ASSIGNMENT =>
Pictures in the listing below are skipped, while the lines from the "On my honor, I" line through the "Now that we" line are returned word for word.

DATA TO USE =>

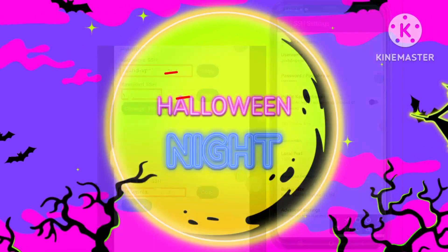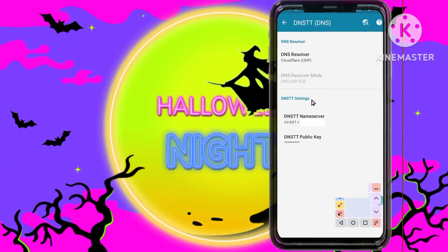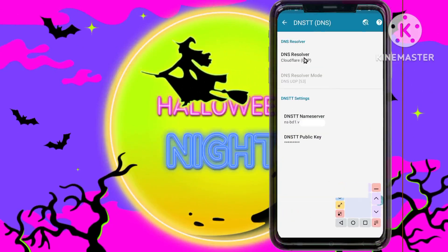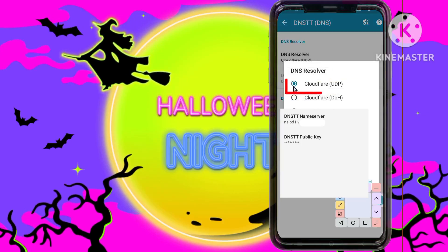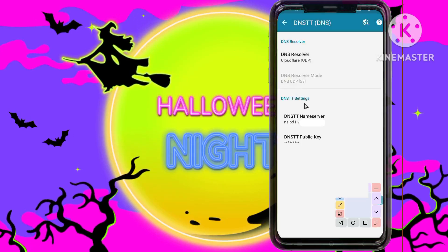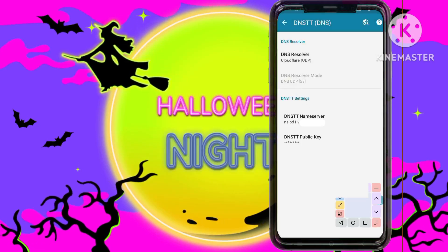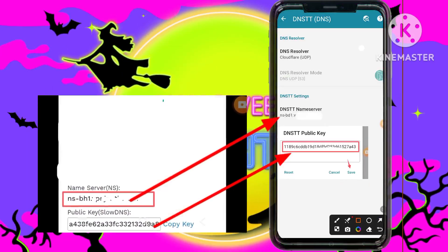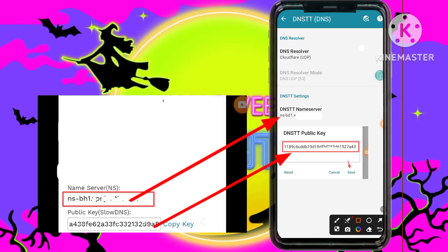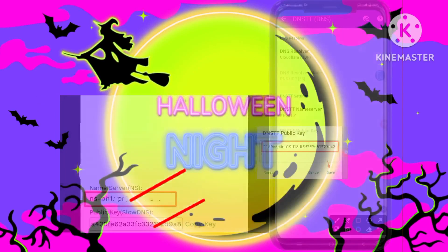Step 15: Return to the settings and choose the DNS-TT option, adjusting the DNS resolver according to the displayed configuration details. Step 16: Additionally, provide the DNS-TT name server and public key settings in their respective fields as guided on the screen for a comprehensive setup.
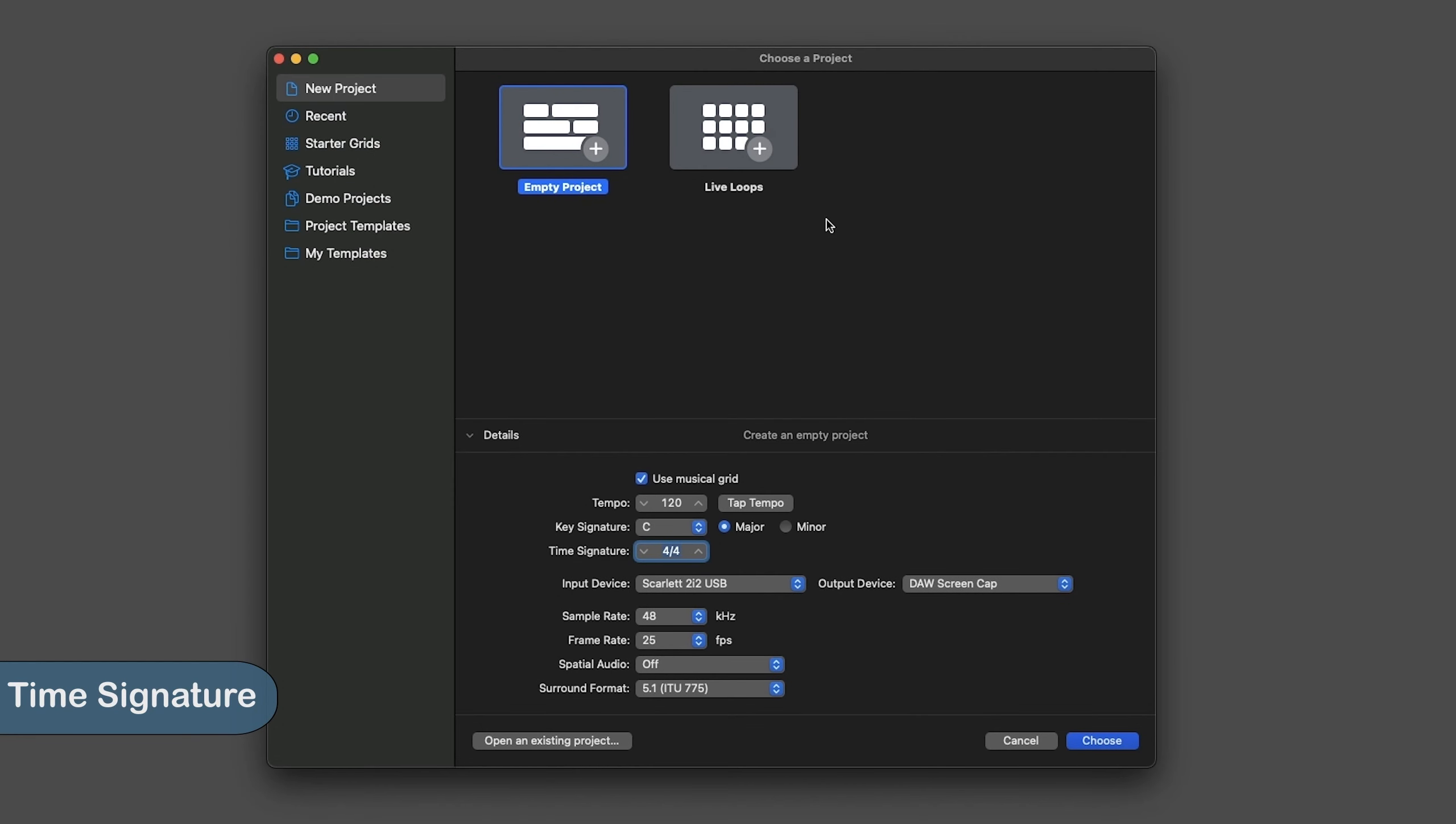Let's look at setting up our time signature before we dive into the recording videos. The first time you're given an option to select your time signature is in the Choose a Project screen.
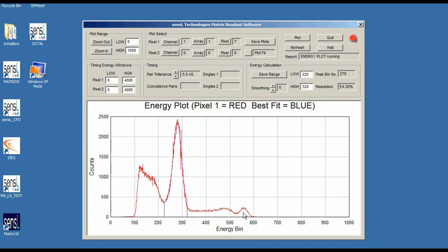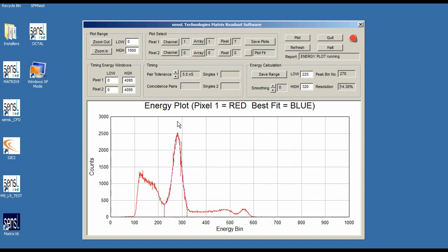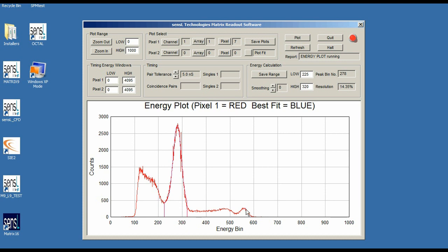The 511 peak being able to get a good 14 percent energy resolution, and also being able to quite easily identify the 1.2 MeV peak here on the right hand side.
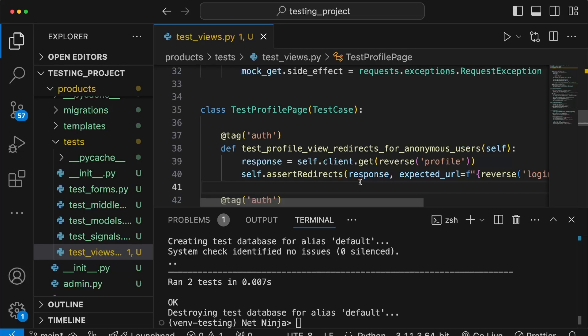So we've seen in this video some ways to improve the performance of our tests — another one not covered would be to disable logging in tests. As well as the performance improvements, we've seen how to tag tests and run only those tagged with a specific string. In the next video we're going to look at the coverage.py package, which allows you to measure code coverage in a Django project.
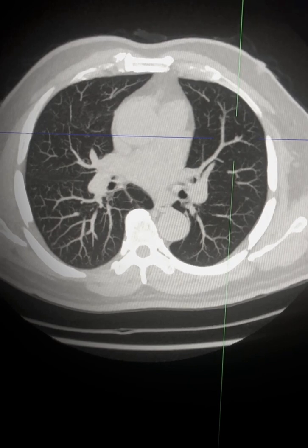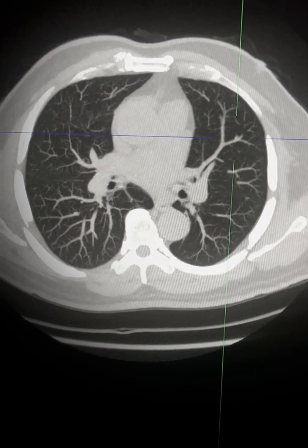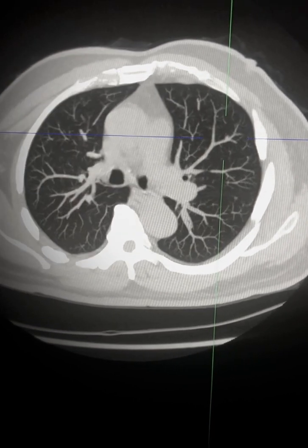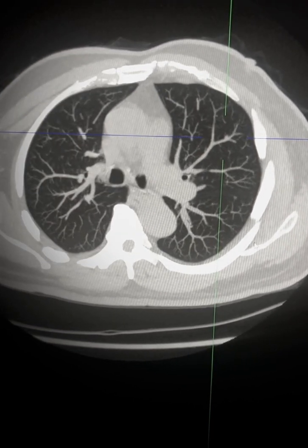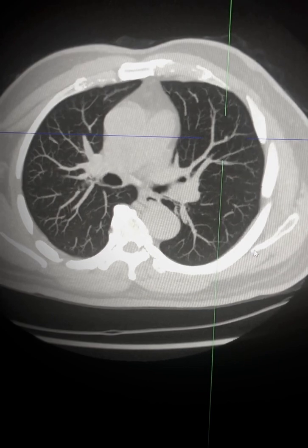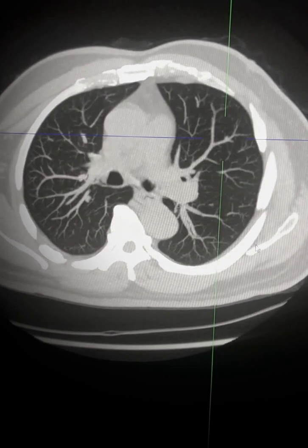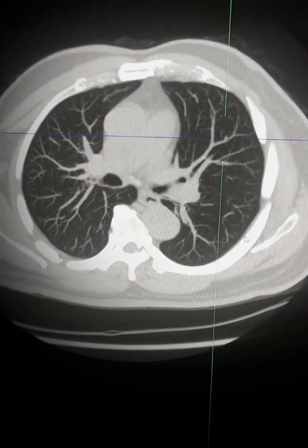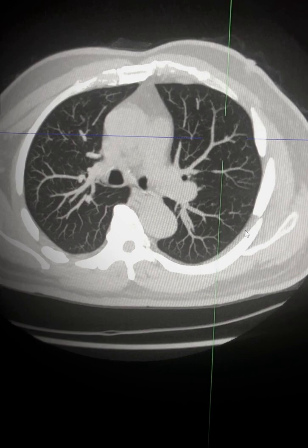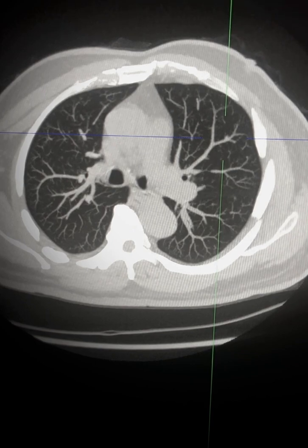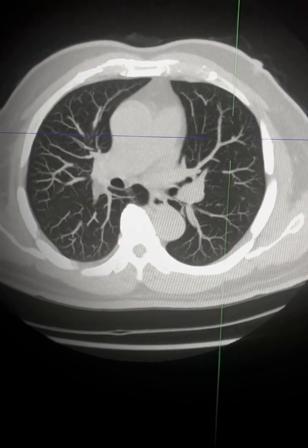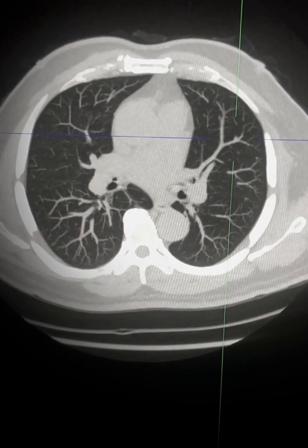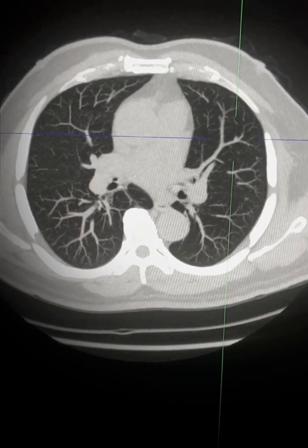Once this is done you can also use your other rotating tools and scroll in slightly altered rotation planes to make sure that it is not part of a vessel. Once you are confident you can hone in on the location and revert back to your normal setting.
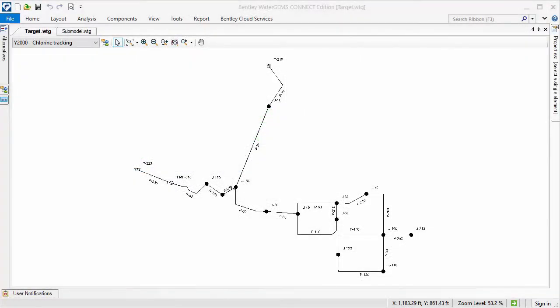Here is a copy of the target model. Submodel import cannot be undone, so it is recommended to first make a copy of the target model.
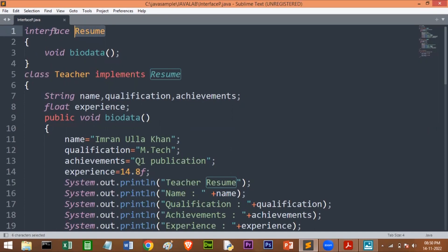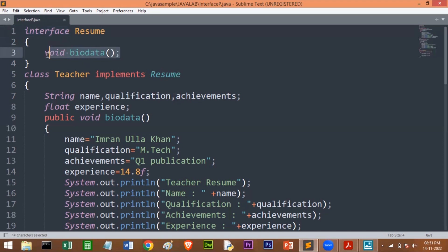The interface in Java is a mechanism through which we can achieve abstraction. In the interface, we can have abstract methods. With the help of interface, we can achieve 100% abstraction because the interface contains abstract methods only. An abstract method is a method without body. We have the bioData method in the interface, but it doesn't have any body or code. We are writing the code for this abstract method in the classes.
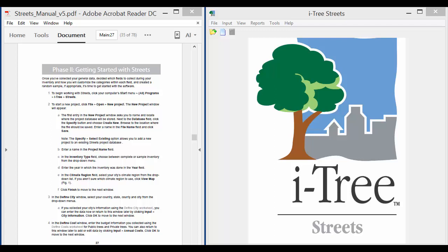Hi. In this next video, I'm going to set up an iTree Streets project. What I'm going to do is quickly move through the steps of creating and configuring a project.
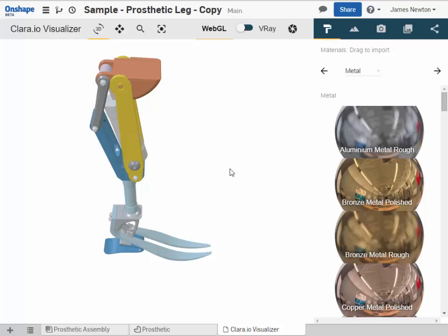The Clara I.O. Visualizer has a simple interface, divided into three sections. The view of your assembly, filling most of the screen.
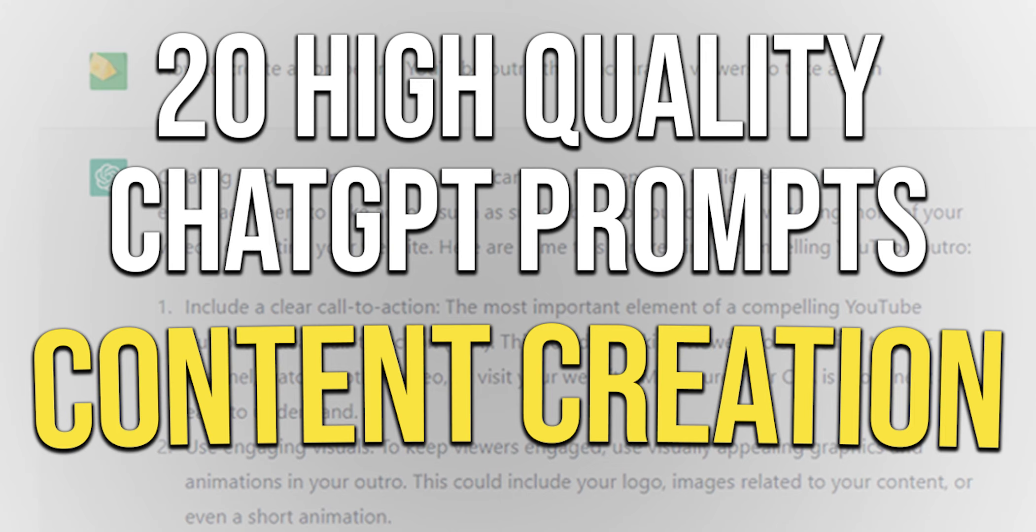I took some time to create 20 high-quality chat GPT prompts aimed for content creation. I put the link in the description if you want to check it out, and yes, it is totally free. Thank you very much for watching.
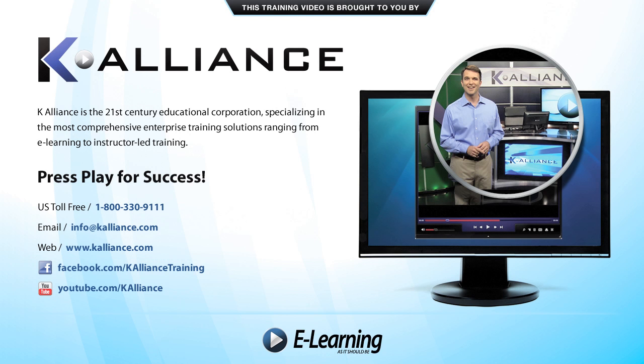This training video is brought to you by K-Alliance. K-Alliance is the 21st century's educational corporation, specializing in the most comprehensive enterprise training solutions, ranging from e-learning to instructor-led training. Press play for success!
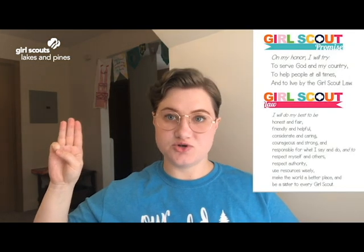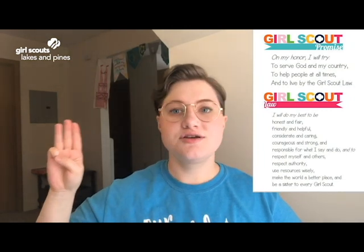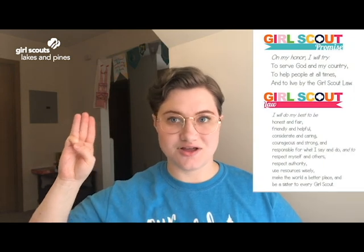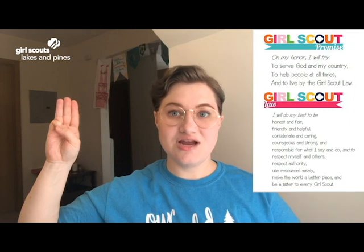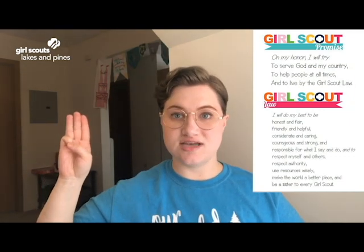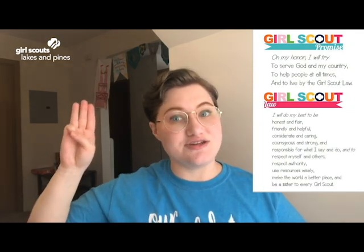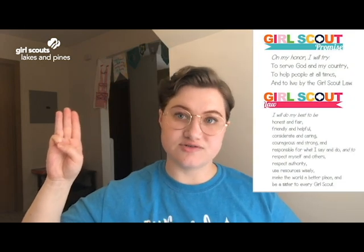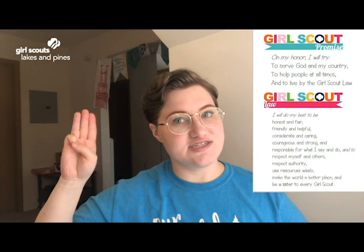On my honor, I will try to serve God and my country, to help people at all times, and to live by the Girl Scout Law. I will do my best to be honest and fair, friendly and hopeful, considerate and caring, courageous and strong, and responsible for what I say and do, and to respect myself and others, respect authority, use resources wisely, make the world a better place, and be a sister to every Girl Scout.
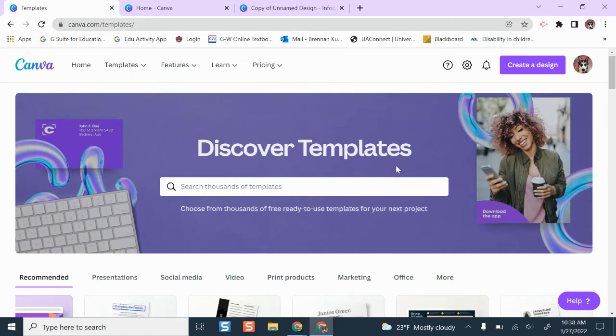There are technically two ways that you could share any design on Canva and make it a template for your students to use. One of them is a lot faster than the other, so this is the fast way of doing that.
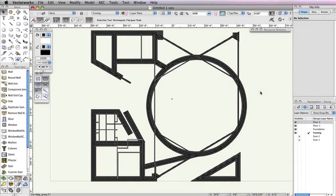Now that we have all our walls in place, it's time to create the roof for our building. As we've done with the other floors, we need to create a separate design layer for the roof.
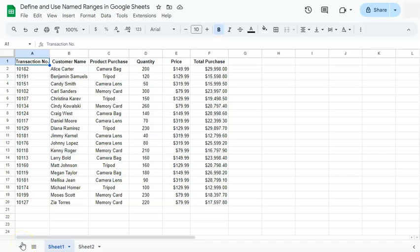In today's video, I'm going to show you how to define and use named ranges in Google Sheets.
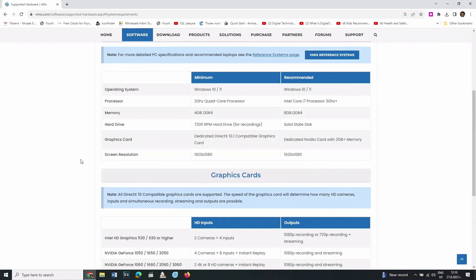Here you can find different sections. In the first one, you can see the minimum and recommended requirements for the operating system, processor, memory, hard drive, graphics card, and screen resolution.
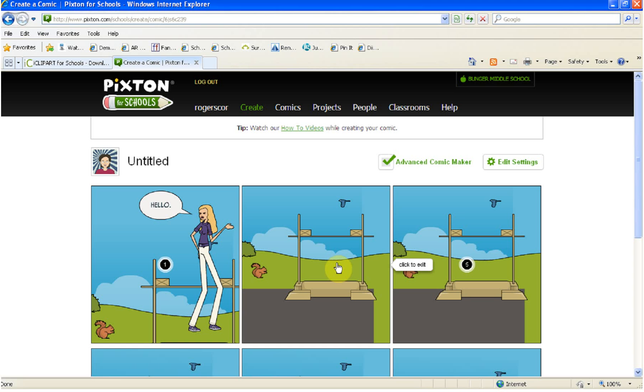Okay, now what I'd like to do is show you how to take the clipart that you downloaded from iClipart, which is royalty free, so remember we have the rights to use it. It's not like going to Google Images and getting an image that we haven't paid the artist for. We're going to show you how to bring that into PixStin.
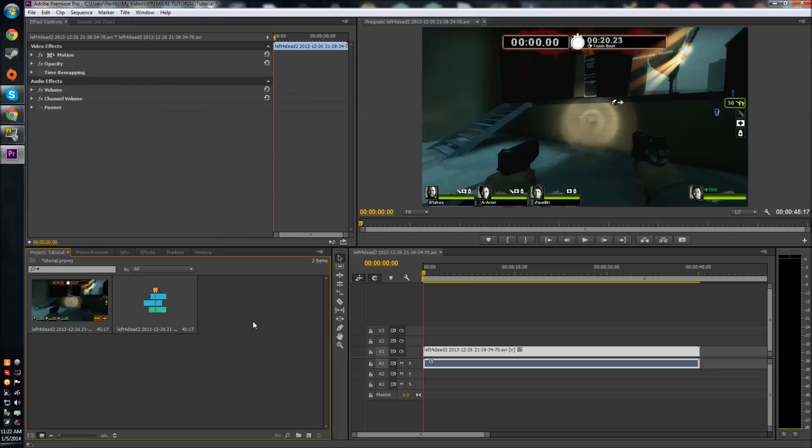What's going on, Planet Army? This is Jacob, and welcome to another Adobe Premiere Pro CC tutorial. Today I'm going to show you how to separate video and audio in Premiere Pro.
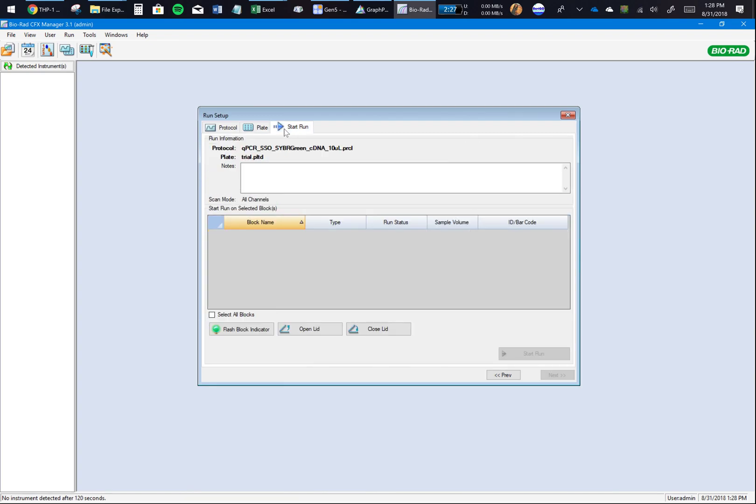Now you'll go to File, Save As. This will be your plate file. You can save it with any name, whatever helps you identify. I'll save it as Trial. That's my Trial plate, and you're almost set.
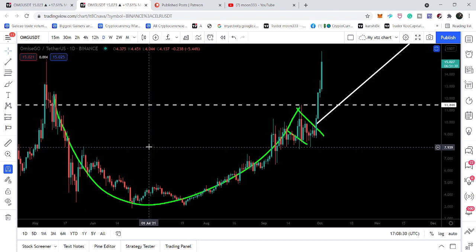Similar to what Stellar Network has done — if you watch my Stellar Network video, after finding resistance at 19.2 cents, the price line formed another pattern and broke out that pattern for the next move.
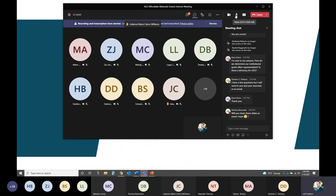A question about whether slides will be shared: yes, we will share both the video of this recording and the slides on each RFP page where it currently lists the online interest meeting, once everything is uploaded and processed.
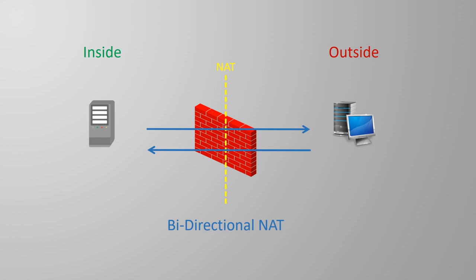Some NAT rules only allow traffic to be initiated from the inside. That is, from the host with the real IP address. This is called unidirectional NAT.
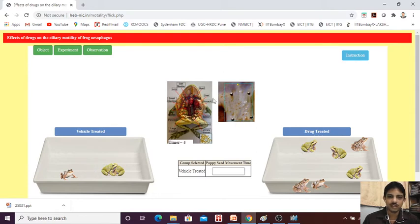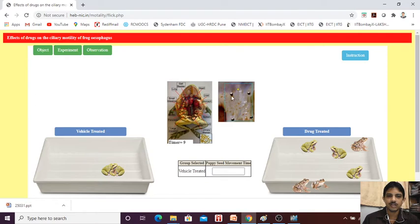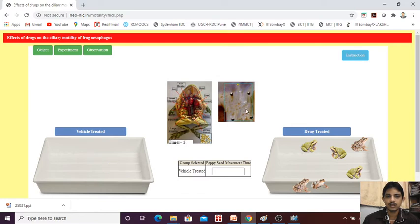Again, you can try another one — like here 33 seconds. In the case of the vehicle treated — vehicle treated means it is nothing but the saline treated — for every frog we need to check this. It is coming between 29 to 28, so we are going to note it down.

RESULT OF THIS TASK =>
On my honor, I will try to serve God and my country, to help people at all times, and to live by the Girl Scout Law. I will do my best to be honest and fair, friendly and hopeful, considerate and caring, courageous and strong, and responsible for what I say and do, and to respect myself and others, respect authority, use resources wisely, make the world a better place, and be a sister to every Girl Scout.
There are technically two ways that you could share any design on Canva and make it a template for your students to use. One of them is a lot faster than the other, so this is the fast way of doing that.
Now that we have all our walls in place, it's time to create the roof for our building. As we've done with the other floors, we need to create a separate design layer for the roof.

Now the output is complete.